Given the state of aviation technology at the time, it was a tall order. The plane’s designer Howard L. Hibbard concluded that in 1937 no engine, either on the drawing board or in production, could power an airplane that could meet the Air Corps specification. His unique design housed the engines in two booms connected by a high aspect ratio wing and the horizontal elevator. In the booms, he had room for the turbochargers for each engine leaving the wing for fuel. In the center of the wing, a pod housed the pilot and one 20-millimeter cannon and four, 50-caliber machine guns.
The contract for the first prototype was issued in June 1937 and the first flight was on January 27th, 1939. Two weeks later, the prototype flew from March Field in California to Mitchell Field in New York in seven hours and two minutes, not including time for two fuel stops.
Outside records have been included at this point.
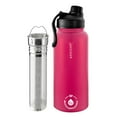 thumbnail image 1 of GROSCHE Chicago Stainless Steel Tea Infuser Flask | Beverage Bottle | Hot & Cold Drinks | Loose Leaf Tea Infuser | Travel Convenience Water Bottle | 32 fl oz, Pink, 1 of 8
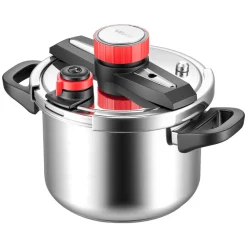 VEVOR Pressure Cooker, 6.3Qt Pressure Cooker Stainless Steel, Pressures Canner with Steaming Rack, Tempered Glass Lid, Three Pressures Settings for Meat, Beans, Rice, Soup, Sauces, Cook up to 100 kPa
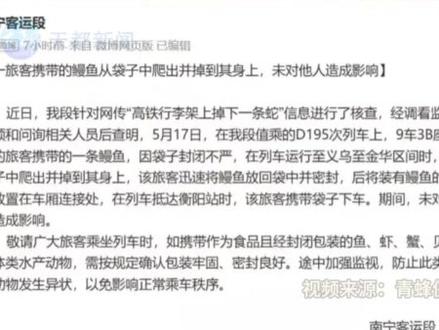 高铁行李架掉下一条蛇?铁路部门辟谣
Lockheed received an order for 13 prototypes with counter rotating propellers to offset the torque which was quickly followed by a production order for 60 airplanes in September 1939.
Meanwhile, my father Sy was a college student until he started flight Air Corps flight training in February 1940. Delays in the production and development of the P-38 caused the Air Corps to send pilots who were supposed to go to P-38 squadrons and trained to fly twin engine airplanes to fly the A-20 Havoc, B-25 Mitchell or B-26 Marauder. Others went to transport squadrons to fly the C-47.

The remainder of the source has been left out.